Le Yucheng: “Nessuno può dettare la definizione di democrazia”

La Repubblica popolare cinese ha risposto duramente alla bocciatura dell’Universal Periodic Review per mano di Le Yucheng, vice ministro degli Esteri. “Non accetteremo accuse di matrice politica da parte di paesi pieni di pregiudizi“, ha tuonato. “Pechino protegge i diritti delle minoranze etniche in conformità con la legge. Nessun paese ha il diritto di dettare la definizione di democrazia e diritti umani“.

A dispetto delle altre nazioni, Corea del Nord, Siria, Cambogia, Cuba, Kenya, Namibia e Sud Africa hanno votato positivamente le misure cinesi in merito alla difesa dei diritti umani. Al Guardian, Frances Eve, ricercatrice presso Chinese Human Rights Defenders, ha riferito che Pechino “ha sempre sfruttato i suoi muscoli economici per assicurarsi un trattamento amichevole da parte degli stati alleati, ma è sorprendente sentire alcuni paesi esprimersi a sostegno degli sforzi con cui la Cina sta cercando di cambiare il sistema internazionale per sostenere il proprio programma anti-diritti umani”.

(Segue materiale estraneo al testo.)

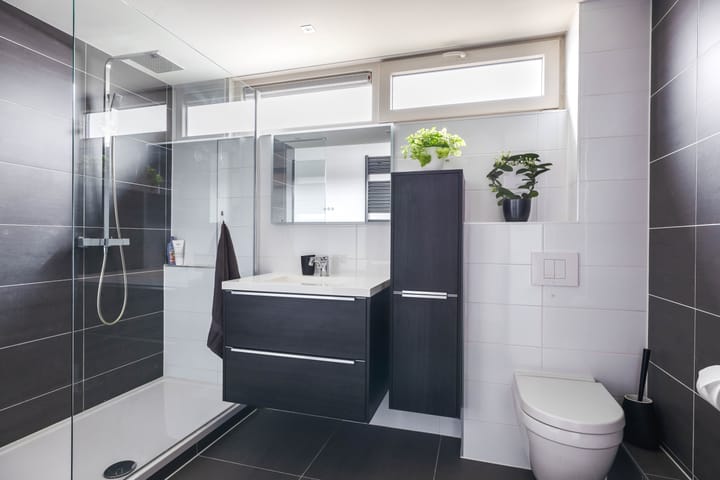 Foto 3 van Ottersveen 135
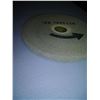 Image 2 : Norton 6" x 1" x 1" (9SF Fine 9 Density / Max RPM 6,000)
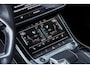 Audi A8 60 TFSI e quattro Pro Line Plus *Bang & Olufsen / Panorama / Top View / Head-Up Display / Memory / Interieur Voorverwarming*
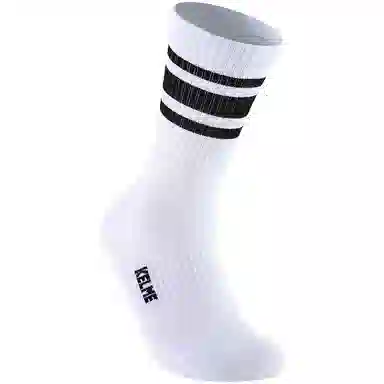 KELME 3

Human Rights Watch: “La Cina costringe monaci tibetani a diventare propagandisti del partito comunista”

In parte, l’esito dell’UPR era stato previsto dalla Human Rights Watch, organizzazione non governativa internazionale, con sede a New York, che si occupa della difesa dei diritti umani. Lo scorso 30 ottobre, infatti, l’ente aveva denunciato il tentativo della Repubblica di “cinesizzare la Religione in Tibet“. In particolare, “Pechino costringe i monaci prescelti nella Regione autonoma del Tibet a una formazione politica volta a creare un nuovo corpo di insegnanti buddisti esperti in ideologia di stato“.

Sophie Richardson, direttrice di Human Rights Watch, ha affermato che “le autorità cinesi hanno sempre posto vincoli pesanti sulla libertà religiosa, in particolare in Tibet e in altre regioni. Monaci e monache tibetane molto persuasivi prendono sempre più campo a nuovi livelli e sono propagandisti del Partito comunista cinese in maniera anormale. L’inserimento delle autorità del dogma politico nel programma di studi religiosi e l’introduzione di monaci che indottrinano altri monaci deve indurre a riflettere sull’ostilità di Pechino alla libertà di credo religioso“.